The Opposite of Everyone: A Novel

“And stop eavesdropping,” I say. I blow air out my nose, mad. There are no bounds to Candace’s wormy snooping. But now she has two things I want. I sit up and scoot over to make room for her. “Gimme cherry.”


We prop up on our thin pillows, licking the bland white paddles and dipping them into the packets of colored sugar. I try to keep an inch between us. Candace isn’t loyal. She talks shit about me with the white girls from the high school cabins. But at night, she’s like the love vine in Kai’s margins. She twines and weaves and clings until I’m flat strangled. I have to keep peeling her off, or she’ll grow right up my nose.

She regards me over her candy paddle, her mouth corners turned up to a sly and waiting angle. Her mouth is full of sugar and ideas.

“How?” I say at last.

“I’ll whisper it,” Candace says. She knows how to milk a quid pro quo.

My mouth sets, but I hold myself still as she closes that last inch between us, pressing in close. I can smell faux grape on her breath.

“Write him a long, long boring letter, like about what you saw on TV, and talk on a lot about how you’re working on a poem for a school project. Then you put the poem in, but you recopy it.”

“Mmm,” I say, noncommittal, leaning away.

She leans with me, propping her head on my shoulder so that her pointy chin digs at me. “If it’s in your writing, and if you burn up the original, they can’t trace it to your mom at all.”

Dammit, it’s a good idea. Candace is such a mouth breather, I forget how crafty she can be. I owe her now, so I don’t kick her back to her bed when the candy is gone. I turn my back and she presses herself against it. She is out cold in two minutes, limp and still as a corpse.

She never sleeps like this in her bed. She cries and kicks her feet, saying, No no no, and I don’t like it. Listening to her moan and beg makes me feel queasy in my stomach. I wonder if I cry out in my sleep, as pitiful as Candace. I have my own bad nights, when I dream that 911 call.

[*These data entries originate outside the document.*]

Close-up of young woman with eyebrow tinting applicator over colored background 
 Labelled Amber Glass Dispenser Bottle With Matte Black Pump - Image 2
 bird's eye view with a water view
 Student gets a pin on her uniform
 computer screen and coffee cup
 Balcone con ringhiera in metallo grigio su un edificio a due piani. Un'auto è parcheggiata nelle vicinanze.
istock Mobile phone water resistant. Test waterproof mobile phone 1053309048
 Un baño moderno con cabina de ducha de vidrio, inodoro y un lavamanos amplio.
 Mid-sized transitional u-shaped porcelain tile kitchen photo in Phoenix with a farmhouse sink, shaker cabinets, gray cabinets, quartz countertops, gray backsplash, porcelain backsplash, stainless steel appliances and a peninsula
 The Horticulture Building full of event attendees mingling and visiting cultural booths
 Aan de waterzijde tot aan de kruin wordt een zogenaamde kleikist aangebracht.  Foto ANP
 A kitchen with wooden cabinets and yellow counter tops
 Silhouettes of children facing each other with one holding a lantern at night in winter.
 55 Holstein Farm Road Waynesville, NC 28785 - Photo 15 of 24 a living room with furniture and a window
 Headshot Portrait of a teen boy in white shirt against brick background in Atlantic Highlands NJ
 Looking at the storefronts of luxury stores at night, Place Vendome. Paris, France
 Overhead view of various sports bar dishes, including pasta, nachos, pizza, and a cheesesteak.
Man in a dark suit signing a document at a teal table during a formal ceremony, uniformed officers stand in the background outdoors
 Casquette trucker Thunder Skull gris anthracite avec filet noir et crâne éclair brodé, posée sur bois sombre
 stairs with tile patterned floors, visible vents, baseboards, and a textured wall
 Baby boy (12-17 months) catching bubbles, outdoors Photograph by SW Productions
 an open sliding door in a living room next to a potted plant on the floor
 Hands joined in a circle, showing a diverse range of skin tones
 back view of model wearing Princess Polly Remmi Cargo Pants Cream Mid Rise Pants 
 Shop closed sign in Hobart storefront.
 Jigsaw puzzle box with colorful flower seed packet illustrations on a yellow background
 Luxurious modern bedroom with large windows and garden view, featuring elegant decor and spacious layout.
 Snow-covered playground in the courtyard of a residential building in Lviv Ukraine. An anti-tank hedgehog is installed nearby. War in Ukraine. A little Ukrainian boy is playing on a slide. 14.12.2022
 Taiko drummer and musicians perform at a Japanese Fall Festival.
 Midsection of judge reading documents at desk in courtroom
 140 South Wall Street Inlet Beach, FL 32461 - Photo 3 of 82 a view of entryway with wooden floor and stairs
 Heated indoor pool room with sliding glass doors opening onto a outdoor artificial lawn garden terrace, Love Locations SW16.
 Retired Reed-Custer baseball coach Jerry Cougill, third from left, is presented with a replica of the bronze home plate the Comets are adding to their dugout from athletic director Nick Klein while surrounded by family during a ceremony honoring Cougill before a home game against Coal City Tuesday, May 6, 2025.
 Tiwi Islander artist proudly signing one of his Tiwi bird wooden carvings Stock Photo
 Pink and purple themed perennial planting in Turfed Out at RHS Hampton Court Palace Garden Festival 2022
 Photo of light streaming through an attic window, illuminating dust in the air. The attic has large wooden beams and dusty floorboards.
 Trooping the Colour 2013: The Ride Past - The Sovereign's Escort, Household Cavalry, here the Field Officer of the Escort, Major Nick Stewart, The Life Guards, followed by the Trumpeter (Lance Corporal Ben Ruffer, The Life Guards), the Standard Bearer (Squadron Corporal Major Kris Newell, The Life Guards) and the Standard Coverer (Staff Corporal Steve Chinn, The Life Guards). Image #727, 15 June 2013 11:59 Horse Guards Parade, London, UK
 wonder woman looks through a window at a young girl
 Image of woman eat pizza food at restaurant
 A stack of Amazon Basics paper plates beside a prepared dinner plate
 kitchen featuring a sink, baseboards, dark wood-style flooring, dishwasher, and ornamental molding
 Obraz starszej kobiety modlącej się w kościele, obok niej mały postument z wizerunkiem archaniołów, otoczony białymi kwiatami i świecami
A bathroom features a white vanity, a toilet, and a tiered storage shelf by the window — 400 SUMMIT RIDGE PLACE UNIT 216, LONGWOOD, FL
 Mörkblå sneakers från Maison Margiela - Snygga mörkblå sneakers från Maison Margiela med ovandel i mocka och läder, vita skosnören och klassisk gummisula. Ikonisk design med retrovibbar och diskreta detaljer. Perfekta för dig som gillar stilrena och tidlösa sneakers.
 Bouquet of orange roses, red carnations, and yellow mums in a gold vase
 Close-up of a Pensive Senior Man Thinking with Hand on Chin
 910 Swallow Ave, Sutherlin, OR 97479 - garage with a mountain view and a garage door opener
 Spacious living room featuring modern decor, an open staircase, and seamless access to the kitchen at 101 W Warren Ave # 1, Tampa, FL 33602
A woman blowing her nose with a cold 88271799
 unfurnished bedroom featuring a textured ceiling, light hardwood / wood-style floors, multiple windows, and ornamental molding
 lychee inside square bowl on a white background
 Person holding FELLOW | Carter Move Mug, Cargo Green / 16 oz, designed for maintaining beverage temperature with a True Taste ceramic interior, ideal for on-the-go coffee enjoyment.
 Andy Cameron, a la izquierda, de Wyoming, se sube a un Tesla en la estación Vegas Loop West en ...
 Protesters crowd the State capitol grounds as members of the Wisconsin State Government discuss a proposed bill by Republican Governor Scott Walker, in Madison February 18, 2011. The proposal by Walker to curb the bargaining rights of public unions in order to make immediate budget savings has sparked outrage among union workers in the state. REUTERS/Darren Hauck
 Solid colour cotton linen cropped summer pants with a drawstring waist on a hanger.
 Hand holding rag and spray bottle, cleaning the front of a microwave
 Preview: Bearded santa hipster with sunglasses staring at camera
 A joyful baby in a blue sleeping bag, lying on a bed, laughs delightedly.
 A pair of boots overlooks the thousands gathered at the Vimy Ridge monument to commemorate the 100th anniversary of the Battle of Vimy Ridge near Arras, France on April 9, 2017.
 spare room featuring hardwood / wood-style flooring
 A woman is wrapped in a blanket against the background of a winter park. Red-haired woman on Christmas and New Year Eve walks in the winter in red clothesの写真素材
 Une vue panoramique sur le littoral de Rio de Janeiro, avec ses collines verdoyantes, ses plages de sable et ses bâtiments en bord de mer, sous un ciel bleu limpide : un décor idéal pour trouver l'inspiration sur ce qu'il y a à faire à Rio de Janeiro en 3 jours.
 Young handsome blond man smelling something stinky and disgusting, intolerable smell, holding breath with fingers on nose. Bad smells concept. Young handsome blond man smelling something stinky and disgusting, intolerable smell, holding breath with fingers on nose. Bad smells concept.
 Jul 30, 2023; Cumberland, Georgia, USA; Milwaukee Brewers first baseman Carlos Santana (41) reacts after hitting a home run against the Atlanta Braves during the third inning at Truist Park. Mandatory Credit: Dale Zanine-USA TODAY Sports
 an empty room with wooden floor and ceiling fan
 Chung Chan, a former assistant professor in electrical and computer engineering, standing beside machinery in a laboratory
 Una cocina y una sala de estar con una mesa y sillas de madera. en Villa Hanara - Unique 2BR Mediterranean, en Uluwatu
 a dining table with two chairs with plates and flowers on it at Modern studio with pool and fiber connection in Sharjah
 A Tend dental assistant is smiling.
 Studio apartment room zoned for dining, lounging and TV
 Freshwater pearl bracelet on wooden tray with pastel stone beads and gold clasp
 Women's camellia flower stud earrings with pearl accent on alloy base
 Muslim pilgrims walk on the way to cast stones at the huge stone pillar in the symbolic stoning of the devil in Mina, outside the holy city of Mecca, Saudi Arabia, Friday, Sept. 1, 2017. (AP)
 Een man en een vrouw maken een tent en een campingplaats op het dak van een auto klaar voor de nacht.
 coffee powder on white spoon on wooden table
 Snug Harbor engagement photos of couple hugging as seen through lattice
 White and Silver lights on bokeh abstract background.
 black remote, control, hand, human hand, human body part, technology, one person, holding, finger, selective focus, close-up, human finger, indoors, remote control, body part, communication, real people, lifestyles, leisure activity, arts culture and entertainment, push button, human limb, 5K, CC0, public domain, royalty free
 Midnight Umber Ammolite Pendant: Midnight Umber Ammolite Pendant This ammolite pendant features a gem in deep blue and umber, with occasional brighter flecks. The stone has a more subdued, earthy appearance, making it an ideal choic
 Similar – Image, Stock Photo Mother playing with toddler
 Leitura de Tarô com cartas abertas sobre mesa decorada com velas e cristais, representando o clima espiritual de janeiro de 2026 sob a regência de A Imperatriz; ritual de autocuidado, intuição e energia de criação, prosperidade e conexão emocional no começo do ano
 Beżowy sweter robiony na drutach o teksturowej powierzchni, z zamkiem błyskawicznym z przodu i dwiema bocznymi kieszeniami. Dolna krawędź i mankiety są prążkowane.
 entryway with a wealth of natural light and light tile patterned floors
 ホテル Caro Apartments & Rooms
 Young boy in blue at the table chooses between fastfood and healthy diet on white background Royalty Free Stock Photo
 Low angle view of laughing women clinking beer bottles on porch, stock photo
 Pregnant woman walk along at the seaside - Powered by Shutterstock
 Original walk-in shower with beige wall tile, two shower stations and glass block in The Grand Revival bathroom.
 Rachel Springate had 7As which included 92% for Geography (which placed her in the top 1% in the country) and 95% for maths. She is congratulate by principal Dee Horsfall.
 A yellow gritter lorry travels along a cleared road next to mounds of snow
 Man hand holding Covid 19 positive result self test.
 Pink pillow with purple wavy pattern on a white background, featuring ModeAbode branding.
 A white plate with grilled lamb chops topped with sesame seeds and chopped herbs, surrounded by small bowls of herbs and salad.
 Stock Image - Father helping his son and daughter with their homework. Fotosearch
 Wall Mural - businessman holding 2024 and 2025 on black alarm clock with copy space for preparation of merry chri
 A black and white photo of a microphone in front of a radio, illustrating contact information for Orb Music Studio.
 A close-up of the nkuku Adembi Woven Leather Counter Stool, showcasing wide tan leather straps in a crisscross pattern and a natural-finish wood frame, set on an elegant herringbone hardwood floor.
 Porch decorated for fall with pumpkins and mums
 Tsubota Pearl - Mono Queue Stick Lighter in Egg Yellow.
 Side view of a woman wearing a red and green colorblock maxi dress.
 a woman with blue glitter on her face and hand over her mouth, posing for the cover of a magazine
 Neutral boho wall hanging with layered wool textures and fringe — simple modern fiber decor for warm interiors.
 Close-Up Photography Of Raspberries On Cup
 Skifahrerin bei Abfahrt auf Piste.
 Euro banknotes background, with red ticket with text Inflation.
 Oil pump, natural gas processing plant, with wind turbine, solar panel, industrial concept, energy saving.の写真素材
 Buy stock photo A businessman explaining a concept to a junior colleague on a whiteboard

What is your emergency, the dream-operator asks, and I see cop cars already zooming past the Dandy Mart, hundreds of them, zigging fast like a long line of black roaches. I don’t have one! I don’t have one! I yell, already too late. I see red light, like firelight, rising from behind the kudzu. I hear my mother screaming, and that always wakes me up. I could never, even in my dreams, un-tell the story that I told that operator.

Now Candace is so hard asleep that her head is sweating like a baby’s. I can feel it dampening my T-shirt. I stay awake much longer, crammed against the wall in a bed that is gritty with spilled sugar.

By morning, I have decided. I go to Mrs. Mack, and I squeeze out some tears. I am Kai’s child, and I know to start with true parts: “He always called me Bossy Pony, and he helped me with my math.” The true parts are a foundation that let the lie stand tall and strong: “I know he’s not really my dad, but he’s the only daddy I’ve ever known.” And then on top of this structure, I set the thing I’m angling for: “If only I could write him. I want to know that he’s okay.”

Mrs. Mack gets his address for me, even gives me stamps. It’s easy.

I follow Candace’s plan exactly, mailing Dwayne a long, dull letter that includes the poem, masquerading as a school project. I can’t send the drawing. I lack the talent to reproduce it, and the original is way too traceable to Kai. I won’t risk a TPR. Dwayne will know the poem is from her, anyway. She tells stories from the Ramayana all the time, and the poem reads like hers.

Destroying both the originals would be safest, but my mother wrote the poem, and she drew her own familiar, absent face on Sita. I hide them in the very bottom of my footlocker and change the combination on the lock. Again. Not that it keeps Candace out. It’s a mystery, how she keeps breaking in.

I solved it two decades later, when I got out Kai’s Ramayana for Julian. I’d pulled the footlocker down from the top shelf of my closet, then realized I couldn’t remember the combination. Hell, I couldn’t remember the last time I’d opened it. I tried my birthday, the day that Jimi Hendrix died, and a host of my old zip codes. I got so frustrated that I rattled the lock, then let it go with a spiteful, sideways jerk.